This is this model + DFlash . Very decent performance, a bit below-par in tool calling compared to 3.6-35B (getting consisten 92 or 93 scores).

Will be running my real-world test now that takes multiple hours :)

Can we keep the MTP heads unquantised? I noticed the acceptance rates is not as good.

tbh I think most people are just using dflash now?

Not for production. DFlash is basically for code and benchmarks, otherwise it frankly does poorly. Also, at high concurrency, it usually doesn’t win.

I am using your original Qwen3.6 35B-A3B PrismaQuant 4.75 bit for some professional domain text and MTP at 3 positions just obliterated DFlash.

All of the above is subject to change if/when vLLM integrates DDTree, but until then, standard MTP is the winner for a lot of real workloads.

Same here, DFlash is awful in acceptance rates and real wall clock performance. It looks good in benchmarks, but actual real world its terrible. Stayed with MTP over all my models for now.

Rob I think this one might be a keeper. Still testing but it handles concurrent multi-modal loads very well. I am getting excellent throughput. I will let you know run into any issues but so far this might allow 27b and 35b to run on a single spark which would be really interesting.

# Qwen3.6-27B — PrismaSCOUT (Blackwell, NVFP4 + BF16)
# PrismaQuant export of Qwen/Qwen3.6-27B for vLLM compressed-tensors serving
# on NVIDIA Blackwell.

recipe_version: "1"
name: Qwen3.6-27B-PrismaSCOUT-Blackwell-NVFP4-BF16-vllm
description: vLLM serving Qwen3.6-27B-PrismaSCOUT-Blackwell-NVFP4-BF16-vllm

# HuggingFace model to download (optional, for --download-model)
model: rdtand/Qwen3.6-27B-PrismaSCOUT-Blackwell-NVFP4-BF16-vllm

solo_only: true

# Container image to use
container: vllm-node-tf5

build_args:
  - --tf5

mods:
  - mods/fix-qwen3.6-enhanced-chat-template

# Default settings (can be overridden via CLI)
defaults:
  port: 8000
  host: 0.0.0.0
  max_model_len: 196608
  gpu_memory_utilization: 0.75
  max_num_batched_tokens: 32768
  max-num-seqs: 16
  served_model_name: qwen/qwen3.6-27b
  speculative_config: '{"method": "mtp", "num_speculative_tokens": 3}'

# Environment variables
env:
  VLLM_MARLIN_USE_ATOMIC_ADD: 1

# The vLLM serve command template
command: |
  vllm serve rdtand/Qwen3.6-27B-PrismaSCOUT-Blackwell-NVFP4-BF16-vllm \
  --served-model-name {served_model_name} \
  --max-model-len {max_model_len} \
  --gpu-memory-utilization {gpu_memory_utilization} \
  --max-num-batched-tokens {max_num_batched_tokens} \
  --max-num-seqs {max-num-seqs} \
  --port {port} \
  --host {host} \
  --quantization compressed-tensors \
  --load-format instanttensor \
  --enable-prefix-caching \
  --enable-chunked-prefill \
  --speculative-config '{speculative_config}' \
  --enable-auto-tool-choice \
  --tool-call-parser qwen3_coder \
  --chat-template qwen3.6-enhanced.jinja \
  --reasoning-parser qwen3

#  --language-model-only

What sort of performance are you getting on it?

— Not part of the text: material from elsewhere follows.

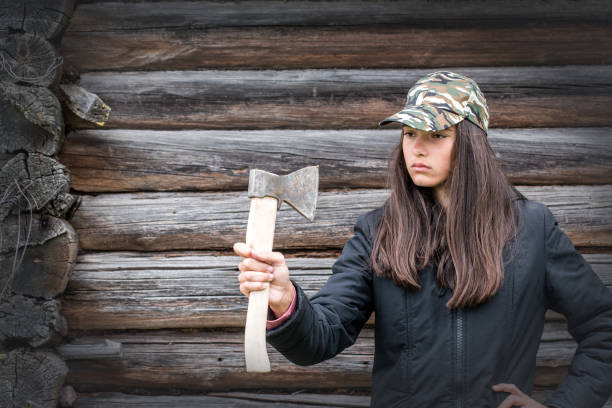istock Girl looking at axe outdoor 1284387058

Often peaking at around 360 t/s on 16 concurrent threads. This is transcribing pdf pages and extracting needle in haystack type data. There is plenty of headroom here, the kv cache is hardly being used.

Obviously you need a parallelisable workload to take advantage of this.

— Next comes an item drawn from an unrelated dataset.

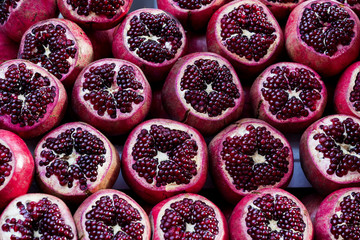 Wall Mural - Background of ripe juicy pomegranates shot close-up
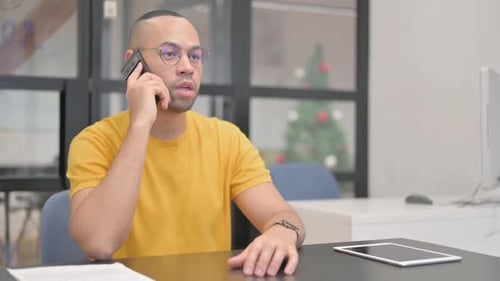 Young Man Talking on Phone in Office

thank you very much for the recipe, where is it - mods/fix-qwen3.6-enhanced-chat-template ?

You can find it here qwen3.6-enhanced.jinja: CoT leakage into tool turns and why preserve_thinking works now | Cheuk-Yiu Chan - https://raw.githubusercontent.com/allanchan339/vLLM-Qwen3-3.5-3.6-chat-template-fix/main/chat-template/qwen3.6-enhanced.jinja

I am also running the model at the moment and the results and especially the tool calling with the template seem to be working splendidly. MTP acceptance rate is usually pretty high too. 70-80% on my code analysis workflows.

thank you so much

I ran the same pdf conversion / extration with each quant I have

Model Size Quant Time Errors
Qwen 3.6 27b FP8 30:10 0
Qwen 3.5 122b INT4 AutoRound 24:20 0
Qwen 3.6 27b NVFP4 BF16 15:30 0
Qwen 3.6 35b FP8 11:10 2

Subjectively the PrismaSCOUT model is providing the more lively 35b like performance with the 122b quality I need. Still needs more testing but this feels like a very positive development. Thanks to Rob NVFP4 is starting to live up to its promise on the GB10.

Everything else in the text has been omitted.